Emergence is an ecological principle that describes how complex, functional systems arise not from central design but from the interaction of many individual parts following local rules. A coral reef is not planned. A woodland is not managed into existence by a single intelligence. They develop through millions of interactions between organisms, each responding to immediate conditions, each changing those conditions slightly for everything around them. What results is resilience, adaptability, and a kind of order that no blueprint could have produced.
This principle is at the foundation of how Greener Huntly is designed to work.
We did not start by setting out everything we wanted to achieve and then building the machinery to deliver it. We started by creating the conditions for useful things to emerge: a governance structure that enables participation, a membership model that lowers barriers to involvement, and a set of shared values that provide direction without dictating outcomes. What grows within that structure grows because it is needed, not because it was scheduled.

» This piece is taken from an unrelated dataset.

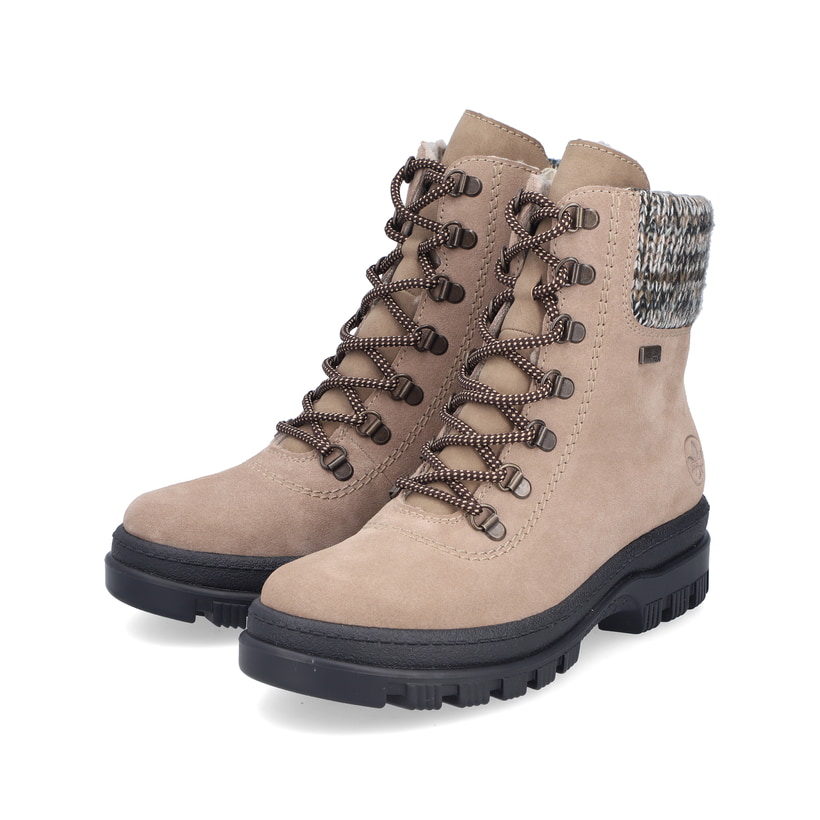 Beige-schwarze Rieker Damen Schnürstiefel X8233-64 aus Rauleder. Schuhpaar seitlich schräg.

In ecology, emergence produces systems that are anti-fragile — they don't just withstand disturbance, they become stronger through it. When a tree falls in a woodland, it creates a gap that new species colonise, increasing diversity. When a flood scours a riverbank, it resets the conditions for species that need open ground. Disruption, handled by a resilient system, becomes opportunity.
The same principle applies to community organisation. A collective that insists on a fixed plan becomes brittle when conditions change — when funding disappears, when a key person moves away, when the priorities of the community shift. A collective designed around emergence can absorb those changes, because its strength lies not in any particular project or person but in the quality of the relationships and processes that hold it together.
This is why our governance is built the way it is. Members vote on rolling priorities, which means the direction of the organisation adjusts as the community's needs evolve. Directors have operational freedom within those priorities, which means day-to-day decisions don't require consensus while strategic direction remains democratically accountable. New members can join and shape the work from early on; no long induction period is required before someone can contribute meaningfully.
Over time, we expect the collective to become more complex and more capable — not through top-down expansion, but through the accumulation of relationships, skills, and projects, each building on what came before. Members who begin as volunteers become experienced practitioners. Projects that start as experiments become established programmes. Partnerships that were informal become formal contracts. This is not growth in the institutional sense. It is the gradual deepening of a system.
There is a deliberate discomfort built into this model. It does not offer the reassurance of a fixed roadmap. It asks everyone involved to tolerate a degree of uncertainty in exchange for genuine adaptability. For people used to organisations that operate from the top down, this can feel unsettling at first.
But the evidence from both ecology and community development suggests that the most durable systems are the ones that work this way. The woodlands that have been here longest are not the ones that were planted to specification. They are the ones that were given space to develop on their own terms, with light guidance and the occasional, well-timed intervention.
That is the kind of organisation Greener Huntly is trying to be.